**** DATA IN THIS EXERCISE

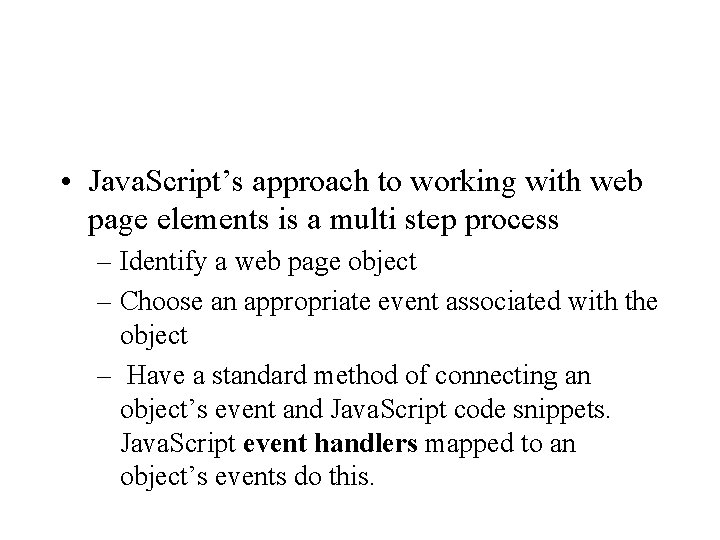  • Java. Script’s approach to working with web page elements is a multi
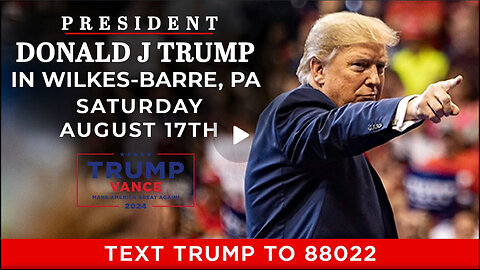 LIVE: President Trump in Wilkes-Barre, PA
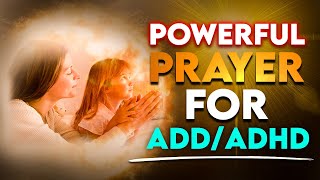 PRAYER FOR DELIVERANCE AND HEALING FROM ADDADHD  Prayers for ADHD Caregivers [upl. by Merrell]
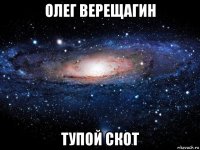 олег верещагин тупой скот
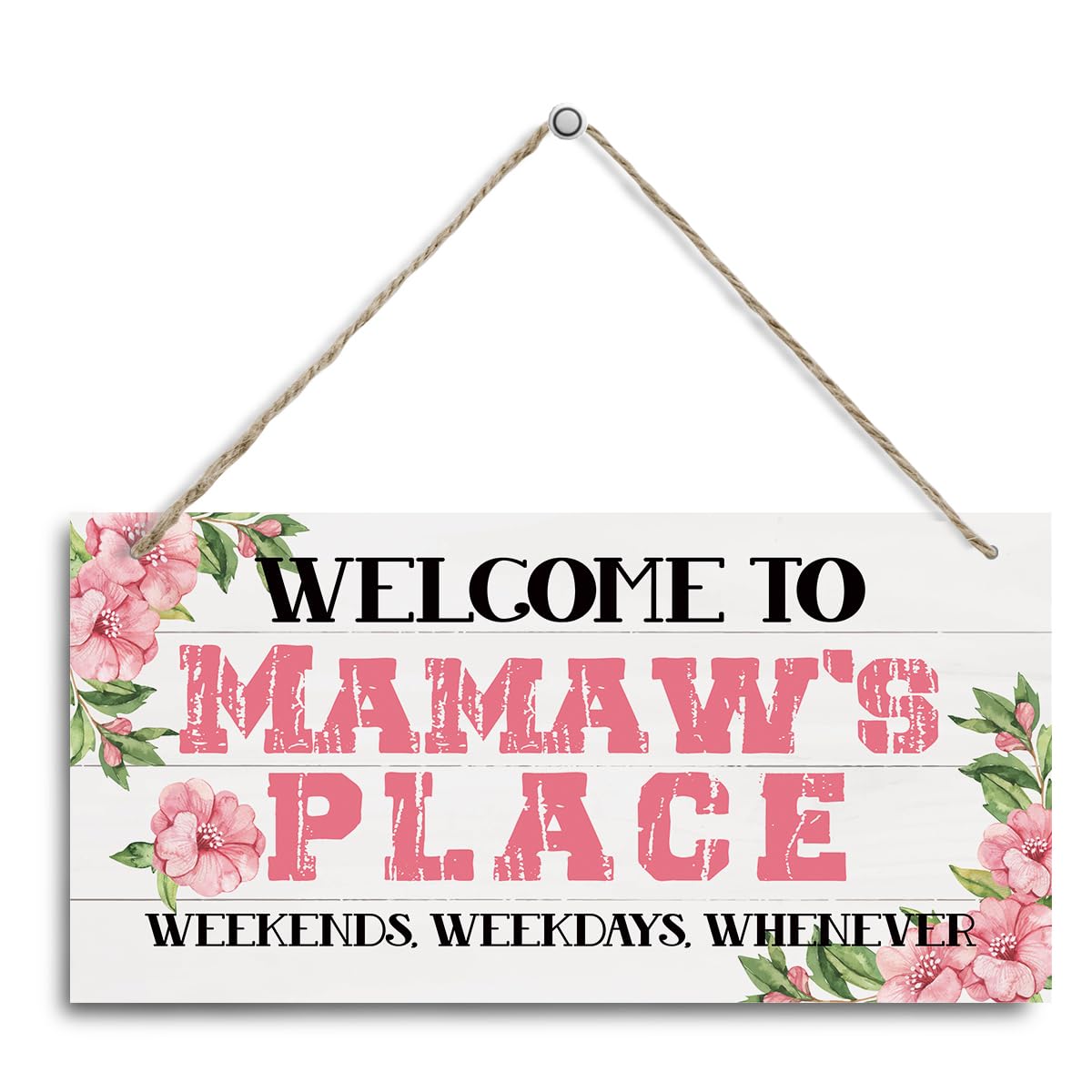 Welcome Sign, Welcome Home Decor Gift for Mamaw, Decorative Hanging Wall Plaque Wood Sign, Front Door Decor for Porch, Gift for Mamaw Mom, Welcome to Mamaw's Place Weekends, Weekdays, Whenever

********

WORK INSTRUCTION: None of the pictures belong in the result. Print exactly the lines from the one containing "LIVE: President Trump in Wilkes-Barre, PA" through the final line of the entries.

RESULT OF THIS EXERCISE:
 LIVE: President Trump in Wilkes-Barre, PA
 PRAYER FOR DELIVERANCE AND HEALING FROM ADDADHD  Prayers for ADHD Caregivers [upl. by Merrell]
 олег верещагин тупой скот
 Welcome Sign, Welcome Home Decor Gift for Mamaw, Decorative Hanging Wall Plaque Wood Sign, Front Door Decor for Porch, Gift for Mamaw Mom, Welcome to Mamaw's Place Weekends, Weekdays, Whenever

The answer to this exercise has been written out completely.